SIC Ltd went into liquidation. Al-Sanea transferred the legal title of the shares to Samba Financial Group, a Saudi bank, to satisfy his debt to them. However, the liquidators of SIC Ltd claimed that this transfer was void under section 127 of the Insolvency Act 1986, which provides that during a winding-up by the court, any disposition of the company’s property made after the start of the winding up is void, unless the court orders otherwise.
The Supreme Court clarified some important points. First, Lord Mance confirmed at para [34] that a trust validly created under Cayman law may exist in relation to assets located in a jurisdiction (here, Saudi Arabia) which does not itself recognise trusts. English (and Cayman) trust law can still operate and enforce trusts. Second, it held that the liquidator could not unwind the transfer of the shares to the bank, as it was a third-party bona fide purchaser for value without notice (equity’s darling)—even though the transfer occurred in breach of trust. This is because the beneficiary’s equitable interest was overridden and extinguished by the bank’s status as equity’s darling, rather than transferred, and as such it was not a “disposition” under s.127 of the 1986 Act.

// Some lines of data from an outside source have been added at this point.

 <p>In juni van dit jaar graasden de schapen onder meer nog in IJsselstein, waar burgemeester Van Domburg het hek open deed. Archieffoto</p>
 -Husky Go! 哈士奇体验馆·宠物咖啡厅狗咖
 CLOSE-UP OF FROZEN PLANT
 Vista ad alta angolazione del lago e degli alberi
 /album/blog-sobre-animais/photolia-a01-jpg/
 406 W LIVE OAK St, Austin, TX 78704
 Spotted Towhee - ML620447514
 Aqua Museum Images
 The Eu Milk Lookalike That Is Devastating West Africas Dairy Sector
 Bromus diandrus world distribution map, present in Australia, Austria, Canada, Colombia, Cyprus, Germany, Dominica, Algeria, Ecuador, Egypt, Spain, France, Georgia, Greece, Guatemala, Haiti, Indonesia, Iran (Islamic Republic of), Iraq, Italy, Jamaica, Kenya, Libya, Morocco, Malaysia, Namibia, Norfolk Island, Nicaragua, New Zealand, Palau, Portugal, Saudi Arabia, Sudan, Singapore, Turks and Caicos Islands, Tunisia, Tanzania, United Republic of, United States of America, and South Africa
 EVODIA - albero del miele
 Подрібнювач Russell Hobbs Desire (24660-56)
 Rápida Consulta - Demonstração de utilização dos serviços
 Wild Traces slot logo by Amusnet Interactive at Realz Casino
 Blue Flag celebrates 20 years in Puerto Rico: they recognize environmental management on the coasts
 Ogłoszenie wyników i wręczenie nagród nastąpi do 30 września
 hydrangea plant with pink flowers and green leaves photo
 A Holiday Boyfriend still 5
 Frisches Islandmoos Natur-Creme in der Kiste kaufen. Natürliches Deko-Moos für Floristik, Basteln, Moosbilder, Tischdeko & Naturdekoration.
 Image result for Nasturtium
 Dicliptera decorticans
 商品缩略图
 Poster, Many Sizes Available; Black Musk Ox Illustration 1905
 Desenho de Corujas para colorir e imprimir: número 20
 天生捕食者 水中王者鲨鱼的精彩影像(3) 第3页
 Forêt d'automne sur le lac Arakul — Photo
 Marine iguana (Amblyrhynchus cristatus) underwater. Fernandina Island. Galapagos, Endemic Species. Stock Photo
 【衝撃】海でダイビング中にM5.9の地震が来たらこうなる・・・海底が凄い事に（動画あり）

Since there could not have been a relevant disposition, it made no difference whether the dispute was governed by Saudi or Cayman law, and the rules on the Hague Convention need not be considered. Had the matter fallen to be decided, however, the court may have found (as Etherton LC did at first instance) that Saudi law applied under Article 15 of the Convention due to the mandatory lex situs rule, such that no property could have been disposed of for the purposes of section 127.